In this case also one should be very careful when specifying the parameters:

  • Not filling up the nodes optimally is very asocial behaviour as it will decrease the efficiency of the cluster use and lengthen the waiting time for others.

  • Requesting a number of tasks per node in combination with a number of CPUs per task that cannot be accommodated on the cluster, will lead to the job being refused by Slurm.

This option should only be used on the UAntwerp cluster if you can fill nodes completely or have a very good reason to leave some cores empty.

Minimizing distance on the network for faster communications#

The nodes in a cluster are connected with each other through a number of switches that form a hierarchical network tree (also called a topology). On the UAntwerp clusters, the topology is a variant of the tree. All nodes are connected to an edge switch and hence split up naturally in groups corresponding to the edge switch they are connected with. These edge switches are then connected through a number of top level switches so that all nodes can communicate with each other.

This means that traffic between two nodes either passes through just a single switch (if the nodes are connected to the same edge switch) or through a series of three switches (edge - top - edge). Obviously, traffic that passes through multiple switches will incur a higher latency. Slurm tries to minimize network contention by identifying the lowest level switch in the hierarchy that can satisfy a job’s request and then allocates the requested resources, based on a best-fit algorithm and the currently available resources. This may result in an allocation with more than the optimum number of switches when the cluster is under a heavy load (as is usually the case on the UAntwerp clusters).
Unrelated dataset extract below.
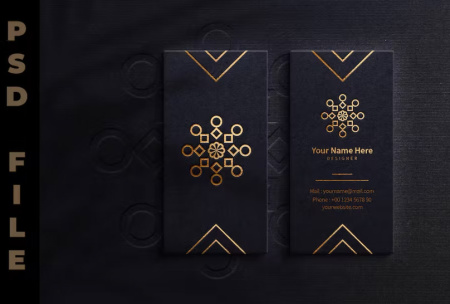 دانلود موکاپ کارت ویزیت طلاکوب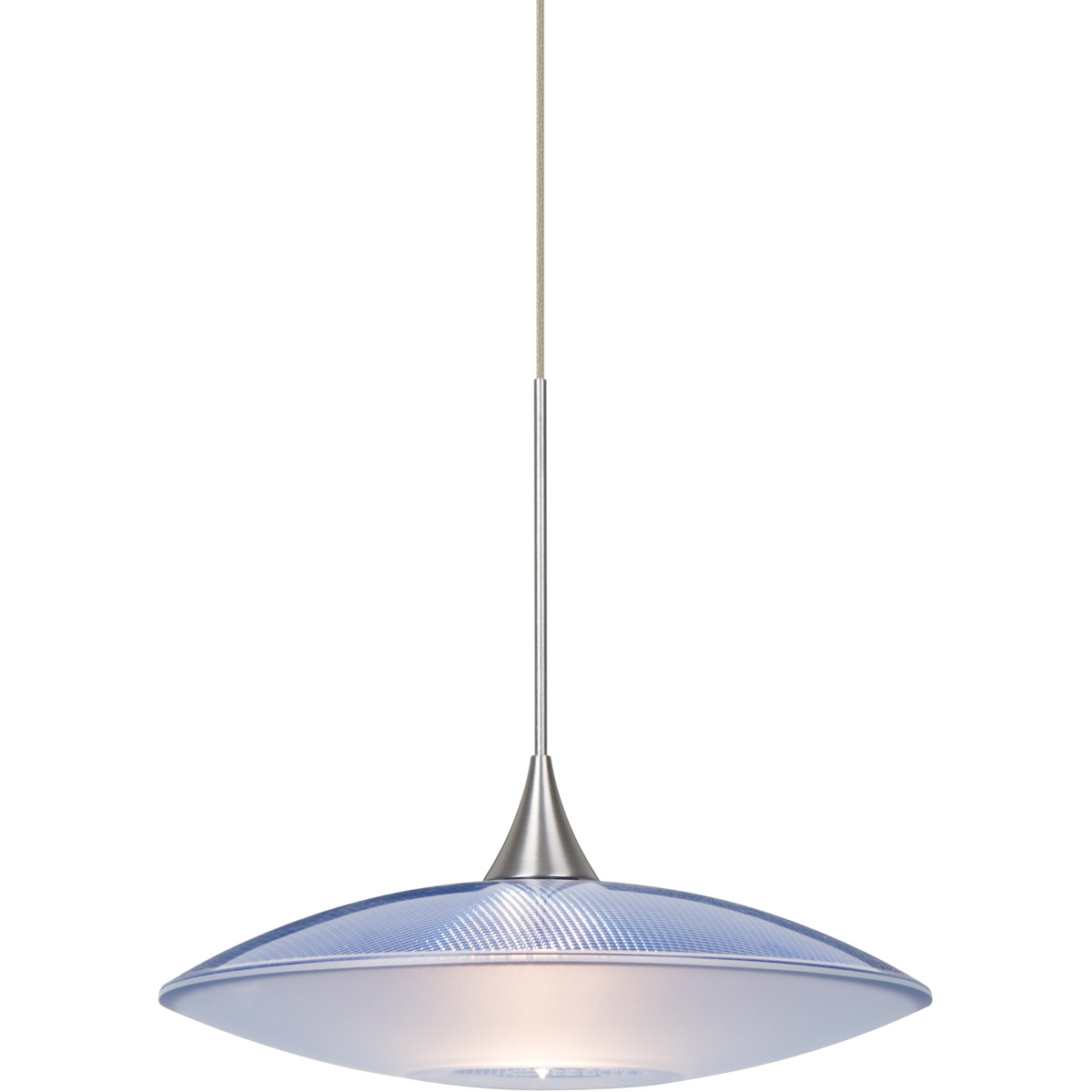 Besa Lighting 1XT-6294BL-LED-SN Spazio LED Satin Nickel Cord Pendant Ceiling Light in Blue-Frost Glass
A user can request a maximum number of switches for a job using the --switches=<count> option. Usually, one would specify --switches=1 here to make sure the job runs on nodes which are all connected to the same edge switch. Note that this may increase the wait time of the job (because the scheduler has less nodes to choose from).

Optionally, a maximum time delay can be specified as well using --switches=<count>@<max-time> to tell the scheduler that it can delay the job until it either finds an allocation with the desired switch count, or to ignore the switches request when the time limit expires.

Advanced Slurm commands#

The scontrol command#

Slurm scontrol manual page on the web

The scontrol command is mostly meant for system administrators. In fact, most of the actions that scontrol can perform, cannot be performed by regular users.

One good use for regular users though is to get more information about one of your jobs:

scontrol -d show job <jobid>

will show extensive information for the job with job ID <jobid>.

Some software might require a list of hostnames:

scontrol show hostnames

in the context of a job, returns a list of (unqualified) hostnames of the allocated nodes. This can be used, e.g. with bash scripting, to generate a nodelist file in the format required by the software.

The sinfo command#

Slurm sinfo manual page on the web

The sinfo command can return a lot of information about a Slurm cluster. Understanding its output does require a good understanding of the Slurm concepts (see our basic Slurm use page).

The command

sinfo

will print a list of partitions with their availability, nodes that will be used to run jobs within that partition, number of nodes in that partition, and the state. The default partition will be marked with an asterisk behind the partition name.

The command

sinfo -N -l

will return a more node-oriented output. You’ll see node groups, the partition they belong to, and the amount of CPUs, memory (in MB), and temporary disk space available on that node group. On Vaughan the output is rather boring as all nodes are identical.

By specifying additional command line arguments it is possible to further customize the output format. See the sinfo manual page.